The companies that buy and process the milk use this figure to justify the fall in price, which they say is linked to the difficult foreign sales scenario and the price of milk on the international market.
The producers challenge this view, saying that exports and dependence on the international market are not so important. Domestic consumption of flavoured milk, for example, was not taken into account in the calculations, they say.
The government has let it be known that it will not intervene. Richard Meredith, a spokesperson for Dairy Australia, defends their position: “It’s the free market. We are not a charitable organisation. We provide management advice and we make the results of research available, that’s all.”
But for farmers’ advocates, this kind of response isn’t good enough. “Dairy Australia would not exist without the farmers but it is doing nothing to help them,” says Brian Egan, the founder of Aussie Helpers.

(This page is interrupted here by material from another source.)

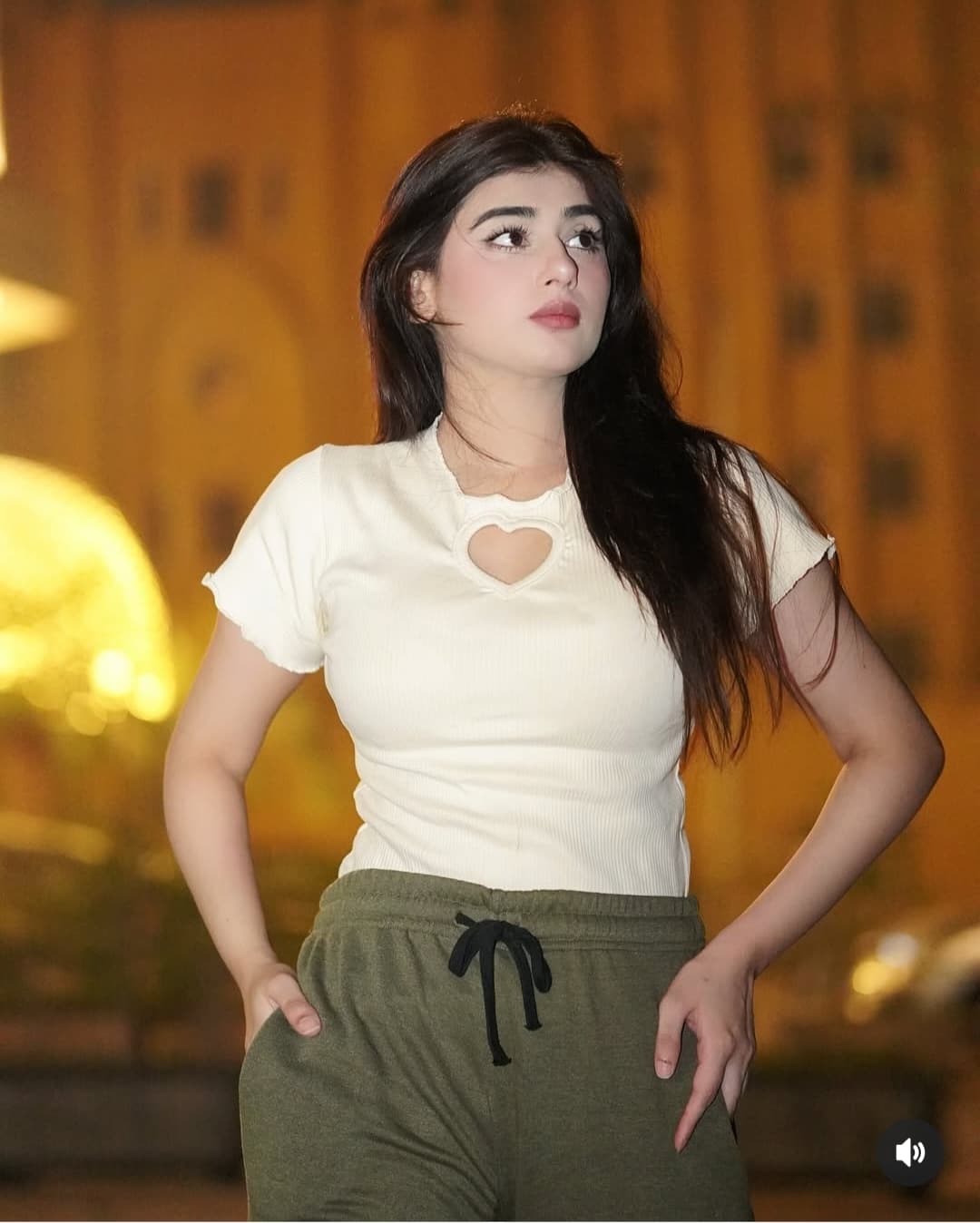 Womens Cute Heart Top With Olive Green Cargo Wide Leg Trouser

This charitable association has responded to the desperate situation by providing the Smith family and others with emergency supplies: animal feed, food parcels and a little money. “We are the only ones to provide any support and we are solely reliant on private donations and volunteers.”

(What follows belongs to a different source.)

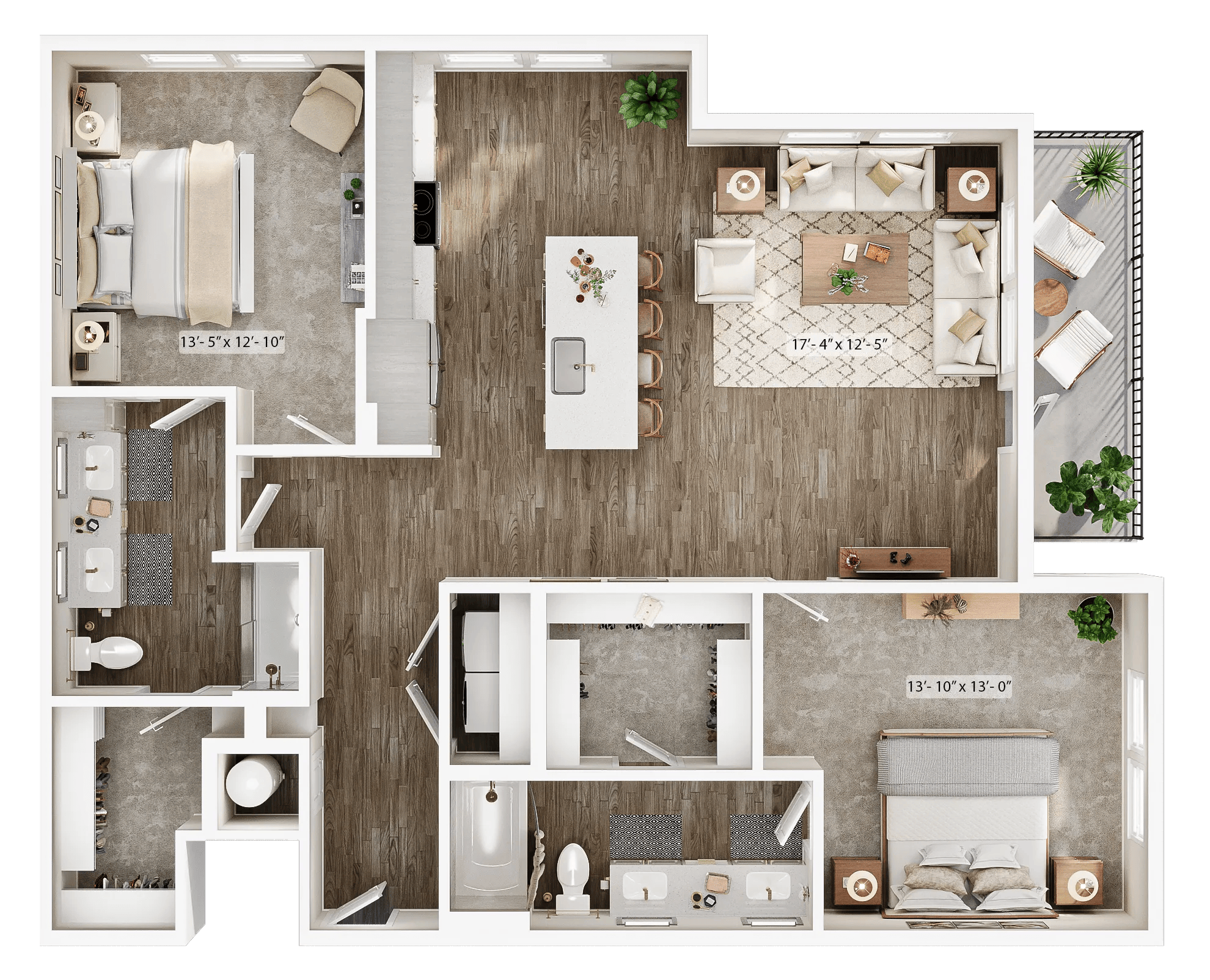 1333 square foot two bed two bath apartment floor plan image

The former farmer gives his own analysis of the situation: “I don’t think there was an overproduction of milk. It is just that the big cooperatives were over ambitious and they made promises,” says Egan.
“Now the farmers are faced with the debts they contracted with these dairy companies who asked them to bear the cost of the fall in the price per litre retroactively. Many of them have their hands tied and are in no position to protest.
But the Australian farmer’s biggest enemy is his/her own pride. He/she is not very good at defending his/her own rights.”
This article has been translated from French.